Self-Editing & Self-Evaluation Pipeline

Apple didn't just release a dataset — they also built a fully automated pipeline:

Nano-Banana handles editing
Gemini-2.5-Pro evaluates results
Failed cases are automatically retried until successful
No human intervention required

---

Example: Single-turn Edit

Original (left) → Edited (right), covering:

Photometric changes
Object edits
Stylization
Scene/lighting adjustments

---

Editing Instruction Distribution

The dataset covers 35 real-world editing operations — essentially all Photoshop skills:

Each edit type is categorized, scored, and included only if instruction-compliant and visually acceptable within three attempts.

Failures are preserved as preference data — enabling models to learn what “better” looks like.

---

Preference Triplet Example

From left to right:

Original image
Instruction: e.g. move the pink and white straw into the leftmost glass
Successful edit
Failed edit

This preservation of failed attempts offers new opportunities for alignment and reward modeling:

Identify common failure modes (geometry errors, artifacts, incomplete edits)
Train models with Direct Preference Optimization (DPO)
Improve judgment in multimodal systems

---

Data Analysis

Success Rate Highlights

High Reliability (Global Edits & Stylization)
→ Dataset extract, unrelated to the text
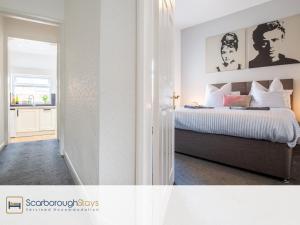a bedroom with a bed with white walls at Hampton House - Lovely and Spacious 2 Bedroom Apartment - WITH FREE PARKING in Scarborough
Artistic style transfer: 0.9340
Vintage effects: 0.9068
Historical ↔ modern transfer: 0.8875

Moderate Challenges (Object/Semantic Edits)

Object removal: 0.8328
Category replacement: 0.8348
Seasonal changes: 0.8015

Lowest Reliability (Precise Layout & Text)

Object movement: 0.5923
Orientation/size changes: 0.6627
Outpainting: 0.6634
Text font/style change: 0.5759

---

Summary of Contributions

Large-Scale, Organized Dataset
~400K examples, 35-category taxonomy
Automated + manual quality control
Multi-Objective Support
SFT samples, preference pairs for DPO/reward modeling
Robustness and alignment research
Complex Editing Scenarios
Multi-round sequences (2–5 edits)
Both detailed and concise prompts

Pico-Banana-400K proves AI can generate and verify its own high-quality training data without human supervision — marking a leap for multimodal learning.

---

The Broader Context: Monetization Platforms

Tools like AiToEarn官网 now bridge AI research and creative monetization:

Cross-platform publishing (Douyin, WeChat, Bilibili, Instagram, etc.)
Analytics & model ranking
Open-source, creator-friendly design

For datasets like Pico-Banana-400K, such platforms enable global reach and feedback loops that improve multimodal AI performance.

---

Bottom line:

Layout accuracy remains the biggest challenge in multimodal AI, and Apple’s Pico-Banana-400K is poised to be a cornerstone resource for addressing it over the next decade.